Brief regering : Verdrag tussen het Koninkrijk der Nederlanden en de Organisatie van de Verenigde Naties voor Onderwijs, Wetenschap en Cultuur (UNESCO) inzake de verlenging van de categorie-2-status onder auspiciën van UNESCO van het IHE Delft Institute for Water Education in Nederland; Parijs, 25 juli 2024 (Trb. 2024, 96 en 143)
36 598 Verdrag tussen het Koninkrijk der Nederlanden en de Organisatie van de Verenigde Naties voor Onderwijs, Wetenschap en Cultuur (UNESCO) inzake de verlenging van de categorie-2-status onder auspiciën van UNESCO van het IHE Delft Institute for Water Education in Nederland; Parijs, 25 juli 2024 (Trb. 2024, 96 en 143)
A/ Nr. 2
BRIEF VAN DE MINISTER VAN BUITENLANDSE ZAKEN
Ter griffie van de Eerste en van de Tweede Kamer der Staten-Generaal ontvangen op
3 februari 2025.
De wens dat het verdrag aan de uitdrukkelijke goedkeuring van de Staten-Generaal wordt
onderworpen kan door of namens één van de Kamers of door ten minste vijftien leden
van de Eerste Kamer dan wel dertig leden van de Tweede Kamer te kennen worden gegeven
uiterlijk op 5 maart 2025.
Aan de Voorzitters van de Eerste en van de Tweede Kamer der Staten-Generaal
Den Haag, 31 januari 2025
Overeenkomstig het bepaalde in artikel 2, eerste lid, en artikel 5, eerste lid, van
de Rijkswet goedkeuring en bekendmaking verdragen, de Raad van State gehoord, heb
ik de eer u hierbij ter stilzwijgende goedkeuring over te leggen het op 25 juli 2024
te Parijs, tot stand gekomen Verdrag tussen het Koninkrijk der Nederlanden en de Organisatie
van de Verenigde Naties voor Onderwijs, Wetenschap en Cultuur (UNESCO) inzake de verlenging
van de categorie-2-status onder auspiciën van UNESCO van het IHE Delft Institute for
Water Education in Nederland (Trb. 2024, nrs. 96 en 143).
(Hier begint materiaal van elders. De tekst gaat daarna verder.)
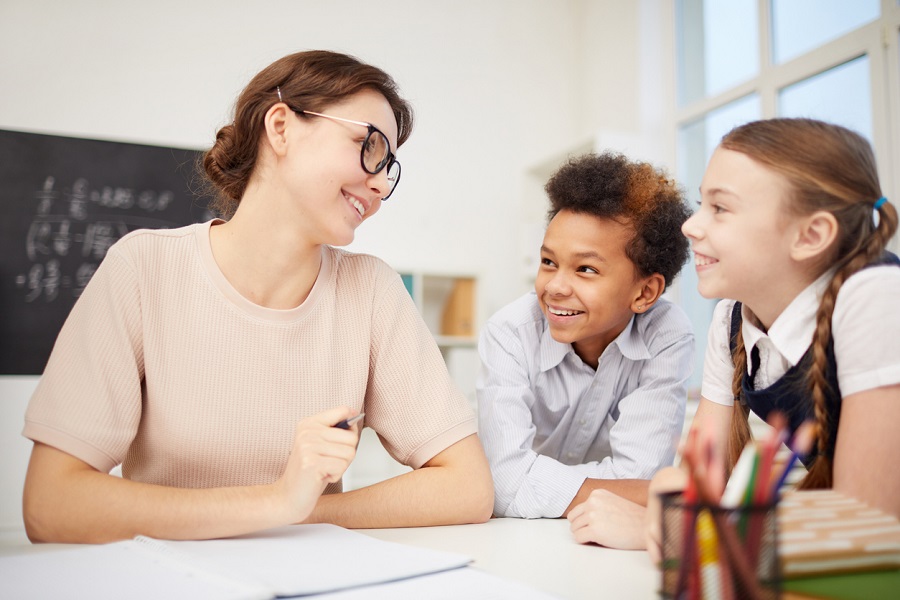 students and teacher planning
Een toelichtende nota bij dit verdrag treft u eveneens hierbij aan.
De goedkeuring wordt voor het Europese deel van Nederland gevraagd.
De Minister van Buitenlandse Zaken,
C.C.J. Veldkamp
TOELICHTENDE NOTA
Algemeen
Het IHE Delft Institute for Water Education (hierna: IHE Delft of het instituut) is een kennis- en opleidingsinstituut voor water
dat is verbonden aan de waterprogramma’s van de Organisatie van de Verenigde Naties
voor Onderwijs, Wetenschap en Cultuur (UNESCO). Het instituut biedt internationale
masteropleidingen en – in samenwerking met Nederlandse universiteiten – doctoraten
aan en doet onderzoek op het gebied van water en hiermee verbonden vakgebieden. Daarnaast
richt het instituut zich op capaciteitsopbouw en institutionele versterking van maatschappelijke
organisaties, de private sector en overheden in ontwikkelingslanden en landen in transitie.
Dit doet het instituut door kennisoverdracht en door het uitvoeren van specifieke
projecten in de genoemde gebieden.
Het instituut is opgericht in 1957 met een internationale opleiding in hydraulic engineering. Sindsdien heeft het instituut een internationale reputatie opgebouwd op het gebied
van onderwijs en onderzoek naar water en watergerelateerde vraagstukken. De verbinding
met UNESCO is in november 2001 vastgesteld tijdens de 31e Algemene Conferentie van
UNESCO. De Algemene Conferentie heeft er toen mee ingestemd om IHE Delft institutioneel
deel uit te laten maken van UNESCO door middel van het verlenen van een categorie-1-status.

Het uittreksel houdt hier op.